La condizione dei bambini durante la II Guerra Mondiale

27.03.2020

I bambini sono l'espressione più viva della sensibilità e dell'innocenza umana. Proprio per questo, in condizioni di brutalità come quelle della seconda guerra mondiale sono spesso maltrattati e oppressi. Ma fino a che punto si sono spinte le ingiustizie nei loro confronti?

Scritto da Silvia Giunta

1 min.


L'olocausto fa accapponare la pelle qualunque sia il contesto in cui se ne parla, non a caso è stato classificato come crimine contro l'umanità. Ma quante volte ci siamo soffermati a riflettere sul destino dei più deboli tra i deboli, i bambini?

I bambini sono doppiamente inermi rispetto ad un adulto, ad un ragazzo, forse persino ad un anziano: non c'è malizia in molti di loro, non c'è la capacità di vedere e di reagire al male del mondo, né dal punto di vista fisico, né dal punto di vista etico. Eppure, tra le sei milioni di vittime ebree dei campi di concentramento i minori di dodici anni sono quasi un milione e mezzo. Un milione e mezzo di possibilità stroncate sul nascere, perché i più piccoli, nella maggior parte dei casi, appena arrivati nei lager venivano direttamente spediti alle camere a gas. Non potevano lavorare, rappresentavano dunque inutili bocche da sfamare.
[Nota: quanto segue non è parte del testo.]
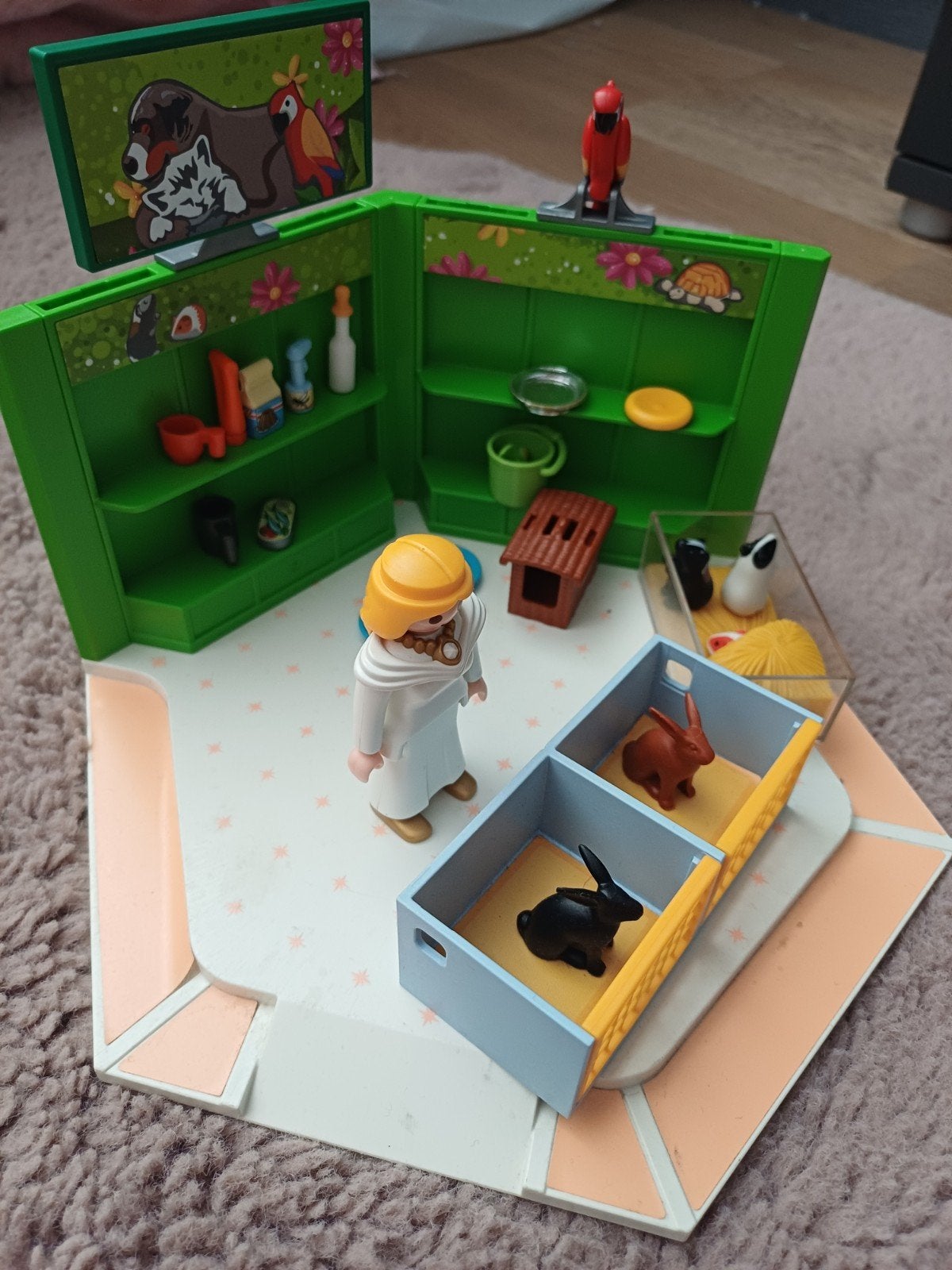 Playmobil Dierenwinkel (onderdeel van de Winkelgalerij 9078, Kinderen en Baby's, Speelgoed | Playmobil, Ophalen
Scontavano con la pena capitale un'unica colpa: l'essere nati da genitori ebrei.

Ad ogni modo la Seconda Guerra Mondiale non risparmierà nessuno, decine di migliaia di bambini ROM, polacchi, russi e persino tedeschi gravati da handicap fisici o mentali, sono stati deportati nei campi di concentramento, per non farne mai ritorno.